▶ **Exercise details**: Would you write out, word for word, each line of the records below from the top through the one holding "Land Rover Discovery 5 2.0 SD4 SE (10.2019)"?

[The data]

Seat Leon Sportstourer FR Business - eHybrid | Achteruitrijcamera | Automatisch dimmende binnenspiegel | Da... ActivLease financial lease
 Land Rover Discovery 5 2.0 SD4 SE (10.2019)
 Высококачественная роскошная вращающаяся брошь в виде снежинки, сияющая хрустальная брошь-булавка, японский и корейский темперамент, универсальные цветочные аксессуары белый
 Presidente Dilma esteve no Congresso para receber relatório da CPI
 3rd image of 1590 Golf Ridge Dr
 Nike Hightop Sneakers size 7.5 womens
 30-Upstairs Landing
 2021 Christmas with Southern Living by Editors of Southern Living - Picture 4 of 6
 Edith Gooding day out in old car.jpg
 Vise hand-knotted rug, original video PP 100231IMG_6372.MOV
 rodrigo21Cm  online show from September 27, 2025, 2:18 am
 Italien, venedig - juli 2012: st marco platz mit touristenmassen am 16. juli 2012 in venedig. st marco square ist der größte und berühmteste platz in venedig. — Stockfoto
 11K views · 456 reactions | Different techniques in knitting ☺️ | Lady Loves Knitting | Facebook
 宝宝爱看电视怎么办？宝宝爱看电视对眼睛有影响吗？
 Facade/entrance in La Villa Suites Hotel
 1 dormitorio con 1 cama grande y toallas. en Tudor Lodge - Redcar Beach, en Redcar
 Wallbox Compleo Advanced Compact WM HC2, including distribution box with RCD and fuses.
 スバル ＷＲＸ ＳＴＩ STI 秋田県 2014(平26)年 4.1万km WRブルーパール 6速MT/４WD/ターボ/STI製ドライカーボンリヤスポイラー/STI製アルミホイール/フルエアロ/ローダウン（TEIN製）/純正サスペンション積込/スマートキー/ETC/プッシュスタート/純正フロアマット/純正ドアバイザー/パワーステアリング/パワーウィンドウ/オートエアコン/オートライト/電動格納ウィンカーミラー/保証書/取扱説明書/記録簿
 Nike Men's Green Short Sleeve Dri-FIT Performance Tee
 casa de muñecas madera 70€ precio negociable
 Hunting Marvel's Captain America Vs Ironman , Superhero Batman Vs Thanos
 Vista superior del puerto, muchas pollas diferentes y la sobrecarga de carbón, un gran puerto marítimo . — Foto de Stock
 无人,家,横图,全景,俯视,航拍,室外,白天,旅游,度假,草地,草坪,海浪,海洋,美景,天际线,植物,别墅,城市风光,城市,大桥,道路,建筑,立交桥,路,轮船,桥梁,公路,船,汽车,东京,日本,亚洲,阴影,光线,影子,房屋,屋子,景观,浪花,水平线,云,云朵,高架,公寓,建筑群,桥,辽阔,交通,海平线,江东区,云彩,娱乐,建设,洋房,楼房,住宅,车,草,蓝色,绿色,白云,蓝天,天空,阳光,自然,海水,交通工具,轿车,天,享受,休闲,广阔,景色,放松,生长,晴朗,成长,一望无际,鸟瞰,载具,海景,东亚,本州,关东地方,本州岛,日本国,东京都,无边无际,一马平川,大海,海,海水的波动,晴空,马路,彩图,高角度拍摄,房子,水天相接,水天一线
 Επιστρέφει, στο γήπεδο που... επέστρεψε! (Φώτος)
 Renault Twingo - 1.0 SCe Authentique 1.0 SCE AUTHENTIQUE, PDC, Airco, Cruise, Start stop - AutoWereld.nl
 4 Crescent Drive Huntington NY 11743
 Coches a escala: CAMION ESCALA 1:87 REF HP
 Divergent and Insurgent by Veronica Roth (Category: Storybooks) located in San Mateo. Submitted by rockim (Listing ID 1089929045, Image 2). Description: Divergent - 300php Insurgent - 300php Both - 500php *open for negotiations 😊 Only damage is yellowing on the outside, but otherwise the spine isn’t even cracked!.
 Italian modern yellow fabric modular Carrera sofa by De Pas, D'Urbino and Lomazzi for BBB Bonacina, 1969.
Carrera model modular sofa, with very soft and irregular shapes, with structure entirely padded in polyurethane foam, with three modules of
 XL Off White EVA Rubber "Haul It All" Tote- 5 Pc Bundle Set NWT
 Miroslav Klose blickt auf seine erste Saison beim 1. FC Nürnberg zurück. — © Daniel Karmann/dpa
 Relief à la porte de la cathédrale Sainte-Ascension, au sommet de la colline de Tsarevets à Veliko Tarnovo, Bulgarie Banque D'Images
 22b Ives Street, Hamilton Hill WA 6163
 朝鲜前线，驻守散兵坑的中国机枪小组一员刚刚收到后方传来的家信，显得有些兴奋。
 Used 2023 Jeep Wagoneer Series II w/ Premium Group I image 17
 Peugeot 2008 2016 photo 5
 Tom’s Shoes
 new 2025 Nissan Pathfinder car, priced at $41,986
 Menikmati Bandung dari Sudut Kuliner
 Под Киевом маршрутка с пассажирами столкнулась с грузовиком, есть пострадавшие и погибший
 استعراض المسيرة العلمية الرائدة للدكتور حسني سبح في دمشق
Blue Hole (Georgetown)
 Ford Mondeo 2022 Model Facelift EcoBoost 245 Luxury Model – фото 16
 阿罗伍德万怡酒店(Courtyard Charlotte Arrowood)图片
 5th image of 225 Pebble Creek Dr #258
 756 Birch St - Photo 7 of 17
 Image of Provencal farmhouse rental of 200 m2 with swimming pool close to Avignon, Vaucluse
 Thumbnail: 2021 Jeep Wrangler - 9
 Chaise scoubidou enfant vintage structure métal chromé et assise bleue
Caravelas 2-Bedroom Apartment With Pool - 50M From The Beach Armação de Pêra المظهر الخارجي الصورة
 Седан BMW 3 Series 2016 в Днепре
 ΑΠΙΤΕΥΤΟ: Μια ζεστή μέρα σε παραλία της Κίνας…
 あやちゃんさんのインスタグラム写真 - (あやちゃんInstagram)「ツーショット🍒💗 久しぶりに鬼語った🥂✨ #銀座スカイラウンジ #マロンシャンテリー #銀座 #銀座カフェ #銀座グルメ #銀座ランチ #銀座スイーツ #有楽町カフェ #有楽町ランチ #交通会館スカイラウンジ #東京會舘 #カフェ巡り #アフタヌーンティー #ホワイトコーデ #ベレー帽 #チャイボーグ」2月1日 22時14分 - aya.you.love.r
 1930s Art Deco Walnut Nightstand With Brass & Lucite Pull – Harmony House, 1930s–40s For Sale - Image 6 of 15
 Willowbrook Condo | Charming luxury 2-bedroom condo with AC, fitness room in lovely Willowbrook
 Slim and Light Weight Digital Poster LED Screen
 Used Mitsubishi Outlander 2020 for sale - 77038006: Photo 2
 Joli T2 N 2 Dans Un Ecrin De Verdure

[/The data]

▶ **Answer section**:
Seat Leon Sportstourer FR Business - eHybrid | Achteruitrijcamera | Automatisch dimmende binnenspiegel | Da... ActivLease financial lease
 Land Rover Discovery 5 2.0 SD4 SE (10.2019)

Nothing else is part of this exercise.